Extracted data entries
╔══
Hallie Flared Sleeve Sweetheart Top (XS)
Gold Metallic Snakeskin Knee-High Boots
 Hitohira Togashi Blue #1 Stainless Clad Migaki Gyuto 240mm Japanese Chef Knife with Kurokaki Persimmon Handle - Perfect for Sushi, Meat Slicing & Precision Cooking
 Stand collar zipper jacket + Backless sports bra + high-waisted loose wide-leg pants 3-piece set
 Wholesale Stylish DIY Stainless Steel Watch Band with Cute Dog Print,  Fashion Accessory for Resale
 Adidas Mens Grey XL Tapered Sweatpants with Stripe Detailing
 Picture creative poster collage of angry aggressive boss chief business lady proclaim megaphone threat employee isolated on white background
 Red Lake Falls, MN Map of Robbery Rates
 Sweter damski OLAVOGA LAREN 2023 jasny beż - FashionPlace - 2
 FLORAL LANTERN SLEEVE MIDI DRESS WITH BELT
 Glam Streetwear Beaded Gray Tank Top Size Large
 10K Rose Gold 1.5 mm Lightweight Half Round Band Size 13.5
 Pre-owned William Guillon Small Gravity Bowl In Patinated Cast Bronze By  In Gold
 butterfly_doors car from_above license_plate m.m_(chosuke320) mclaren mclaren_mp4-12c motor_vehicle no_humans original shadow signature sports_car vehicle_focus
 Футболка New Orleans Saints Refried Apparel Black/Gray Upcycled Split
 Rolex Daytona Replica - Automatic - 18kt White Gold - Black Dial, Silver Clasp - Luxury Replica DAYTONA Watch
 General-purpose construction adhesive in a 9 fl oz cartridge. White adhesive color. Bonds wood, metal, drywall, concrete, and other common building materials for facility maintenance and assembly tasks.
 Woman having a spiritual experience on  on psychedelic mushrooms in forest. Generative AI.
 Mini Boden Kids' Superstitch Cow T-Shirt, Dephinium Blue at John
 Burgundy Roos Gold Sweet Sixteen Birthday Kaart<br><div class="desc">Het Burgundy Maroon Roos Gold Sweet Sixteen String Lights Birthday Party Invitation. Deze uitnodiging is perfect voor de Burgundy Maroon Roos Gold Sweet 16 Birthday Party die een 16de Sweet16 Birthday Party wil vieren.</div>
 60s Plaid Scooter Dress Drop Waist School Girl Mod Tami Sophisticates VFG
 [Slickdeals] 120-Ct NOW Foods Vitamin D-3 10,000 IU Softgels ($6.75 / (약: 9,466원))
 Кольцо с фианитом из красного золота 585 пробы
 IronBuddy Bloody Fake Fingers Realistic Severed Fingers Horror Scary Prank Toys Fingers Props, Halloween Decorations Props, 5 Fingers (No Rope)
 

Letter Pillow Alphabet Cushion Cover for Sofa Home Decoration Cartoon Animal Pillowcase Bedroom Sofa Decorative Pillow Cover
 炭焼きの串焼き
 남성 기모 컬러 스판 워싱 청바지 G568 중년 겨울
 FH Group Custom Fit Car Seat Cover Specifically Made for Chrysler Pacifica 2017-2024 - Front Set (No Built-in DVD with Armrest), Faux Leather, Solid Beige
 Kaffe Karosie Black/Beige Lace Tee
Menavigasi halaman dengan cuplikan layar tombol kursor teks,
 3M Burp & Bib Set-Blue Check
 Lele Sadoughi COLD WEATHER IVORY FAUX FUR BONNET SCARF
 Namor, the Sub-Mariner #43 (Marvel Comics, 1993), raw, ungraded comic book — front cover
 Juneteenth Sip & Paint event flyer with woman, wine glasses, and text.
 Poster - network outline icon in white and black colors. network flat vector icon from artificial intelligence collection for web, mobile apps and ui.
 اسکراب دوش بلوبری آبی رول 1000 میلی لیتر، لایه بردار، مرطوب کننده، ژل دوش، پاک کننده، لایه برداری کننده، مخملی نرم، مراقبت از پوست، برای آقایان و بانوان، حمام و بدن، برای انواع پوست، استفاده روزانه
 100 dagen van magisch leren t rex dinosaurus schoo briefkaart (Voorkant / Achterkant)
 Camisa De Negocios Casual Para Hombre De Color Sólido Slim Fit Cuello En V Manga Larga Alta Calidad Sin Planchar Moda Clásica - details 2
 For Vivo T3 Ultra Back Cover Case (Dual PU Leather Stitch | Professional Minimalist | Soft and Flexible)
╚══
Goal of the exercise
What is asked for is an exact copy of the lines above from the one containing "Red Lake Falls, MN Map of Robbery Rates" through the one containing "Pre-owned William Guillon", and only those.

Result of the task
 Red Lake Falls, MN Map of Robbery Rates
 Sweter damski OLAVOGA LAREN 2023 jasny beż - FashionPlace - 2
 FLORAL LANTERN SLEEVE MIDI DRESS WITH BELT
 Glam Streetwear Beaded Gray Tank Top Size Large
 10K Rose Gold 1.5 mm Lightweight Half Round Band Size 13.5
 Pre-owned William Guillon Small Gravity Bowl In Patinated Cast Bronze By  In Gold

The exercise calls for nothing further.